Not only can the Kremlin’s interference in this policy area be seen as an intrusion into an area previously delegated to the federal districts, but also, now that parents have to give a written permission for their children to take part in mother tongue education classes, they are also targets of systematic bureaucratic harassment. What makes this new law even more problematic is that, as mentioned, Russian language  will from now on be considered as a native language among those to choose from. Given the fact that Russia’s final high school exam has to be taken in Russian, and generally speaking, a good command of Russian is a prerequisite for socio-economic ascension in most career paths, parents are likely to be expected to opt for Russian native language classes in spite of their linguistic minority background. Thus, with the new law, learning one’s native language at school can be done only to the detriment of a better command of Russian, which, in effect, discourages speakers of minority languages from learning their native languages at school.

There has been resistance against this new legal amendment among the Russian population, especially from the linguistic minorities within the Federation such as the Kabardino-Cherkess in Kabardino-Nalkaria, the Ossetians in North Ossetia and the Kumyk and Avar in Dagestan, but also from the Crimean Tatars in Crimea. Already, the number of native speakers of these linguistic minorities has been decreasing in recent years, even during the time when native language education was compulsory. An internet petition against this new law has been set up and about fifty thousand signatures have been collected so far.
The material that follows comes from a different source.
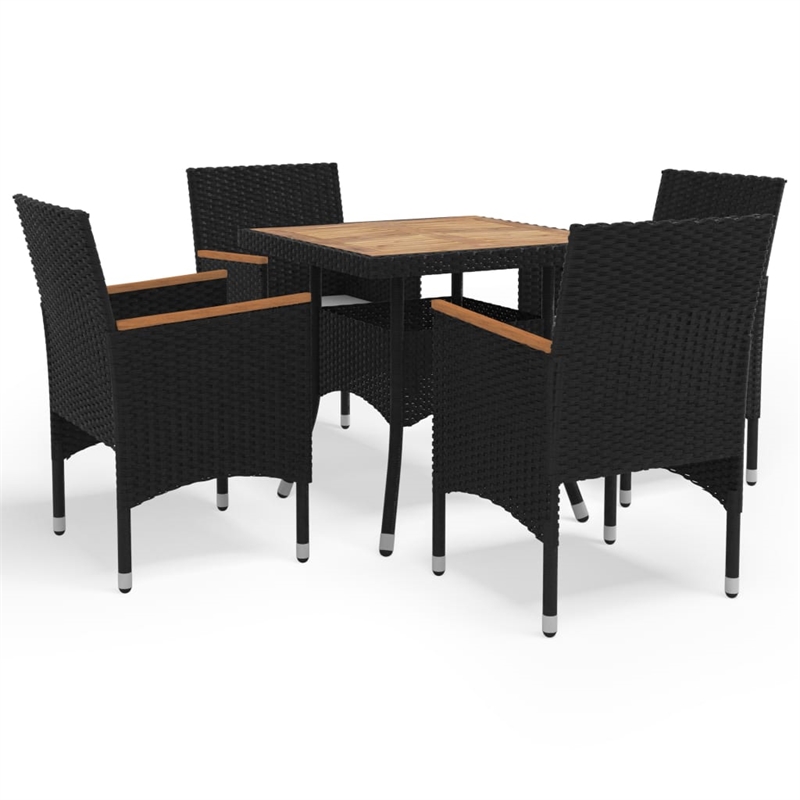 vidaXL Poly Rattan Medium Removable Covers Dining Set in Black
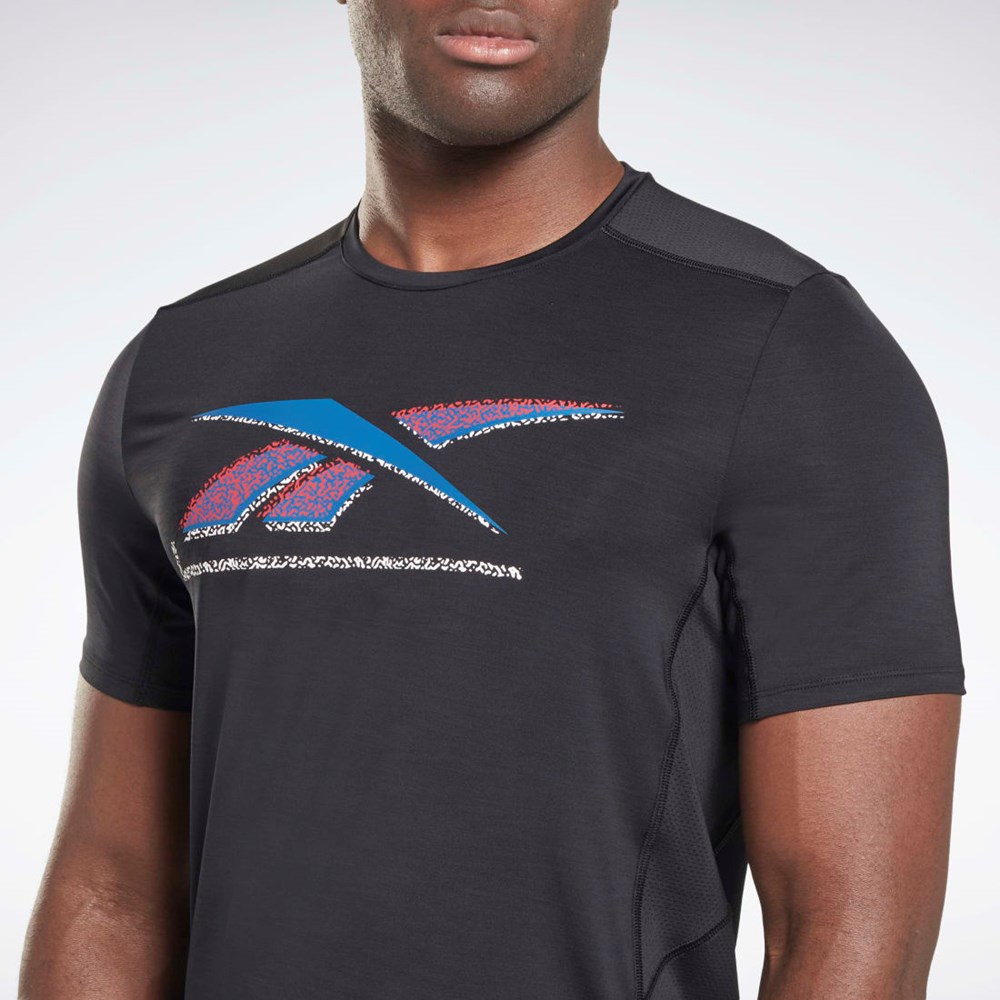 Reebok ACTIVCHILL Grafiske Athlete T-Shirt Svarte | WEDFKO-806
Education is one of the key tools of linguistic policy-making in order to either encourage or discourage the acquisition and consequently the preservation of children’s native languages. This legislative amendment put forward by the Russian government will certainly cause the latter, provoking a further decrease in the number of speakers of these languages. The UNPO hopes that decision-makers in the Duma will remember the distinction made in the Russian language between pусский (russkij) and pоссийский (rossijskij), in a further reading of this amendment. The former term refers to the Russian ethnicity, while the latter designates all citizens of the Russian Federation. If one were to believe the Russian government’s discourse, after 2014, Crimean Tatars have become Russian subjects, or pоссийский, which in turn means that they should not their right to preserve their Crimean Tatar identity, culture, religion and, crucially, their language, taken away from them.